Genotipificacian de Klebsiella pneumoniae aislada de abscesos hepaticos de pacientes de Bogota, Colombia.
Genotipificacao de Klebsiella pneumoniae isolada de abscessos hepaticos de pacientes de Bogota, Colombia
Hepatic abscess is a common cause of intra-abdominal infection that can be single (58%) or multiple (42%), more frequently affecting the right lobe, leading to a lethal outcome in 8% to 31% of cases; such number has decreased thanks to the use of new diagnostic and therapeutic techniques such as percutaneous drainage.
Multiple etiologic agents can cause a hepatic abscess. The most frequent causal agent of acquired pyogenic liver abscess (PLA) in the community until the end of the last century was Escherichia coli; however, PLA caused by Klebsiella pneumoniae has increased in frequency during the last twenty years given the greater number of reported cases affecting adult patients (1).
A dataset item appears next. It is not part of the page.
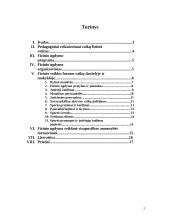 Fizinės veiklos formos vaikų darželyje ir pradinėje mokykloje 2 puslapis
Patients suffering from K. pneumoniae-associated PLA frequently experience concomitant diseases such as type 2 Diabetes Mellitus and alcoholism (1, 2).
K. pneumoniae is a worldwide-distributed Gram-negative bacillus from the Entero-bacteriaceae family which is associated with community-acquired or nosocomial infectious pathologies, such as urinary tract infections (UTI), bacteremia, pneumonia and intra-abdominal infections (3-5). The acquired invasive syndrome caused by this pathogen was described in 1981, being characterized by bacteremia, hepatic abscess and metastatic infections, among which endophthalmitis and central nervous system infections (manifested as suppurative meningitis or cerebral abscess were the most frequently found, although other abscesses in the lungs, pleura, prostate and soft tissues, like osteomyelitis and necrotizing fasciitis, have also been reported (6-8).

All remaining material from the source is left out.